**What is required**: When copying the listing below, skip every picture and keep each word as it stands.

**Dataset excerpt**:

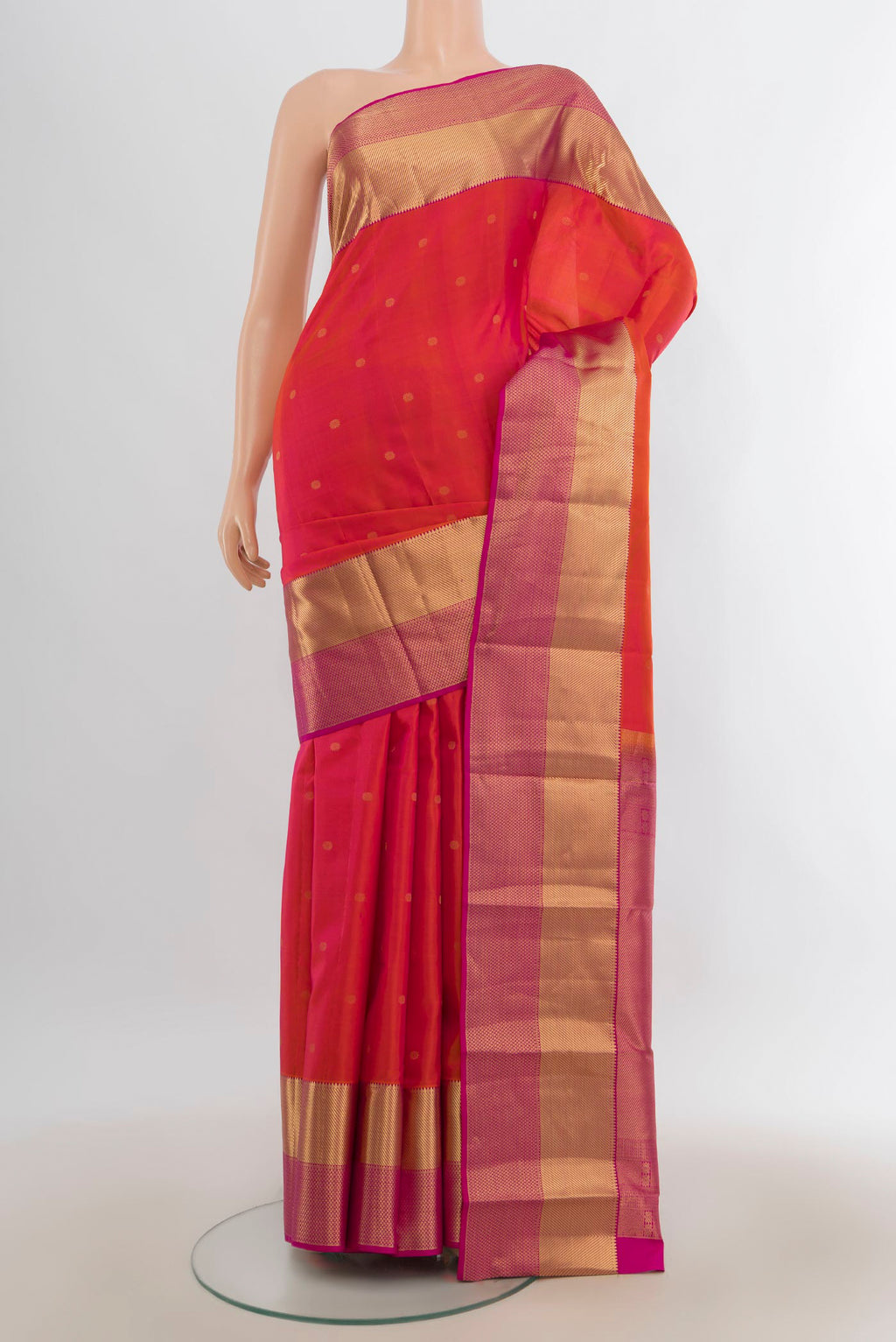 Pure Silk Brick Orange Kanchipuram Saree with Zari Butta on the body and Zari Border.  displayed on a mannequin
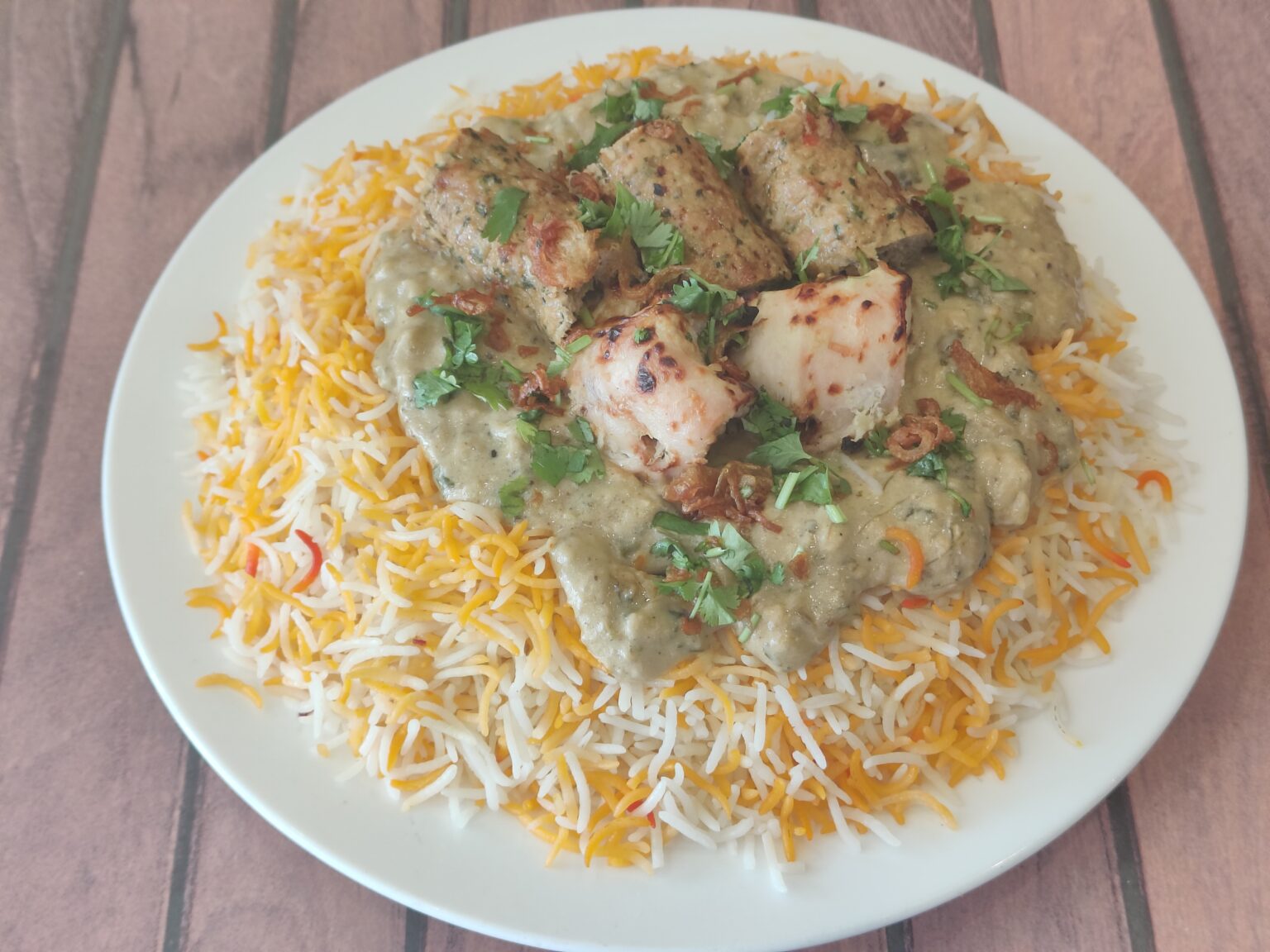 Creamy Malaika Biryani - malai tikka and seekh kebab – Paratha King Kuwait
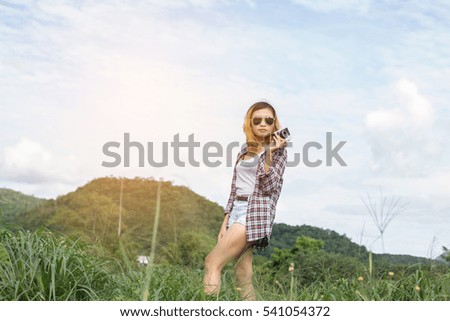 Young Hipster Woman with retro camera taking shot outdoor landscape ,Lifestyle mountain nature on background.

**Expected output**:
 Pure Silk Brick Orange Kanchipuram Saree with Zari Butta on the body and Zari Border.  displayed on a mannequin
 Creamy Malaika Biryani - malai tikka and seekh kebab – Paratha King Kuwait
 Young Hipster Woman with retro camera taking shot outdoor landscape ,Lifestyle mountain nature on background.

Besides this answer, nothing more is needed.